BEGIN Material for the task

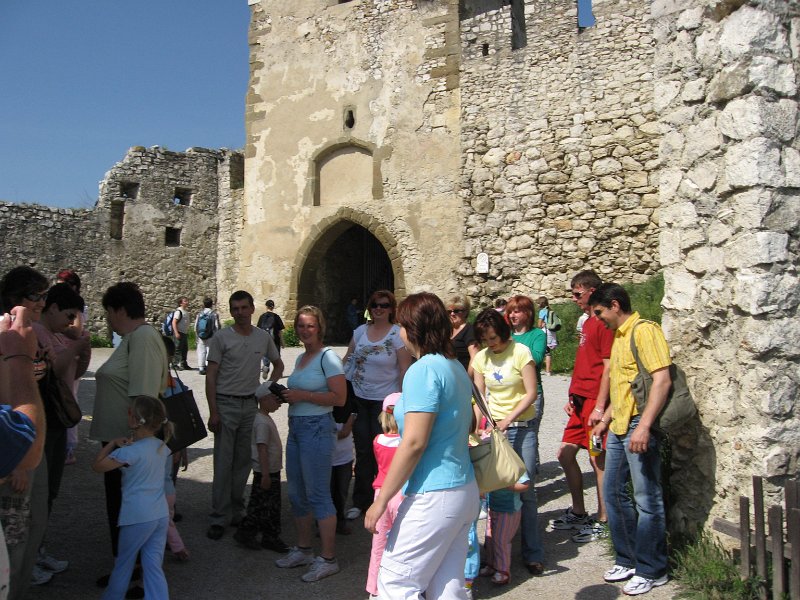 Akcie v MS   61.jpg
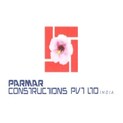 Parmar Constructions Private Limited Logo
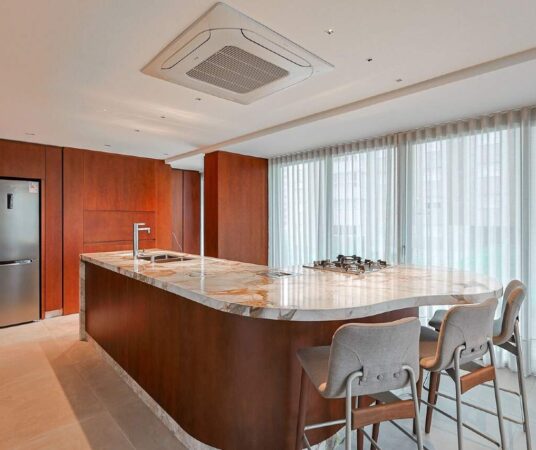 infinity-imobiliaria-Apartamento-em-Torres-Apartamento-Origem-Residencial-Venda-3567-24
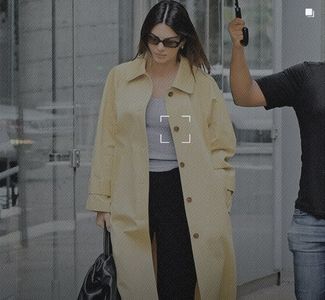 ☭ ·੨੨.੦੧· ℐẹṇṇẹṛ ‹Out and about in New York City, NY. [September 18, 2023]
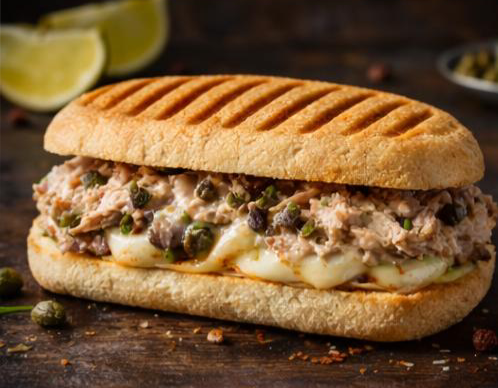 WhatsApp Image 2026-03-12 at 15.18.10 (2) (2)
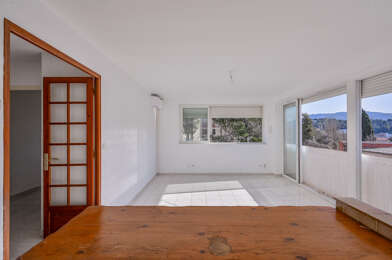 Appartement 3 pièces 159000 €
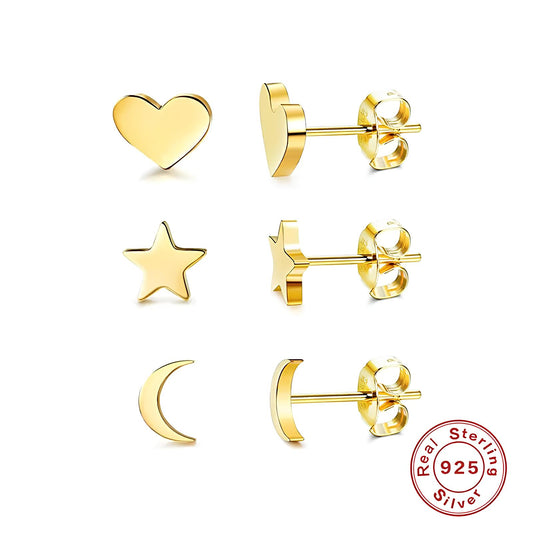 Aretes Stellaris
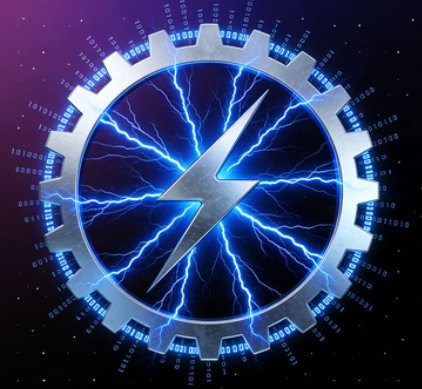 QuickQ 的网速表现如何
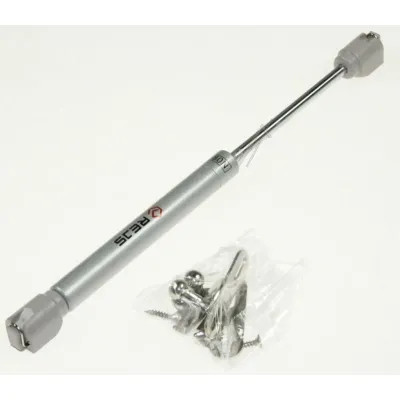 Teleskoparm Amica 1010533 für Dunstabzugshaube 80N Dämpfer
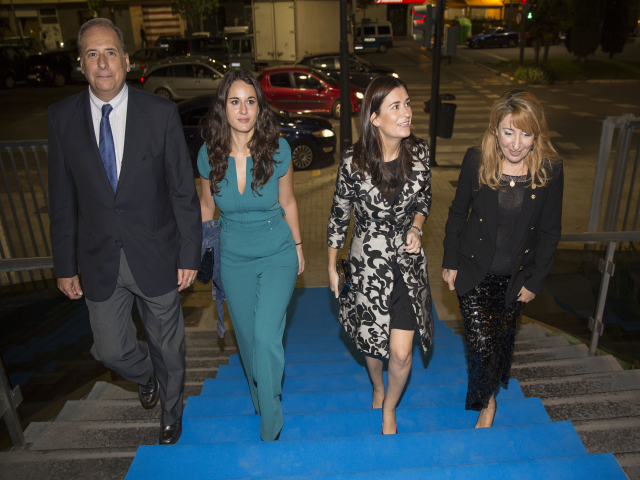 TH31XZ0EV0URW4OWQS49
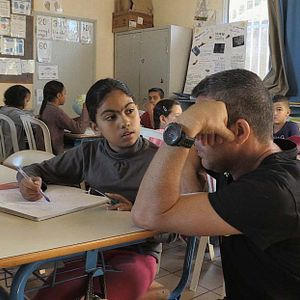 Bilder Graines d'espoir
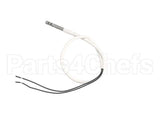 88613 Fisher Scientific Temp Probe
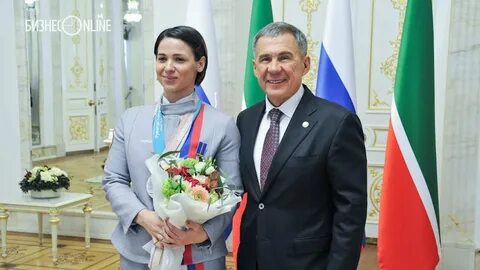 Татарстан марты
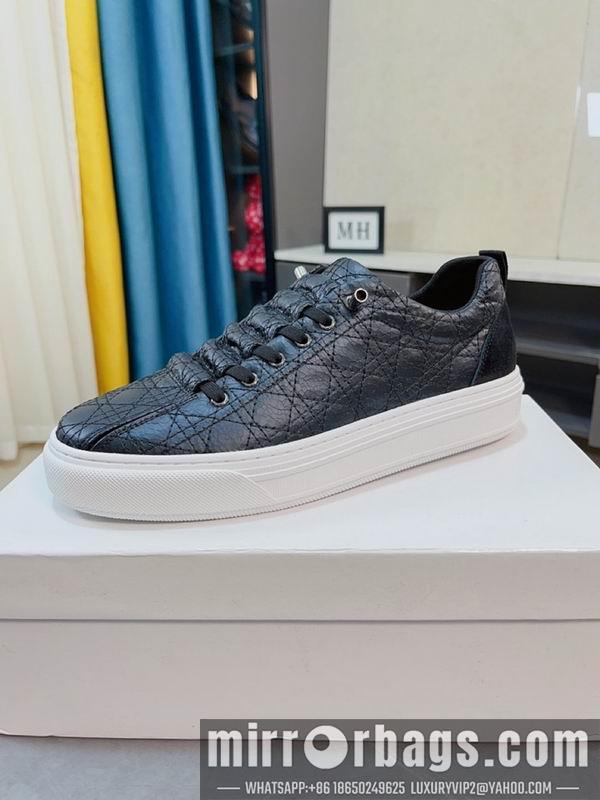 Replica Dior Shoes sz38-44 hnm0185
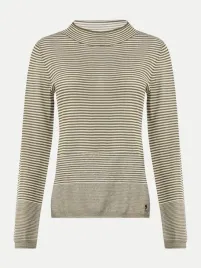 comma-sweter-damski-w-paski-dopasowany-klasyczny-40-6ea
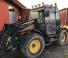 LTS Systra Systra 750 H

END Material for the task

:: Aim of the task ::
Copy out nothing but the lines from the beginning of the records through the one that contains "Aretes Stellaris". Skip the pictures.

:: Response ::
 Akcie v MS   61.jpg
 Parmar Constructions Private Limited Logo
 infinity-imobiliaria-Apartamento-em-Torres-Apartamento-Origem-Residencial-Venda-3567-24
 ☭ ·੨੨.੦੧· ℐẹṇṇẹṛ ‹Out and about in New York City, NY. [September 18, 2023]
 WhatsApp Image 2026-03-12 at 15.18.10 (2) (2)
 Appartement 3 pièces 159000 €
 Aretes Stellaris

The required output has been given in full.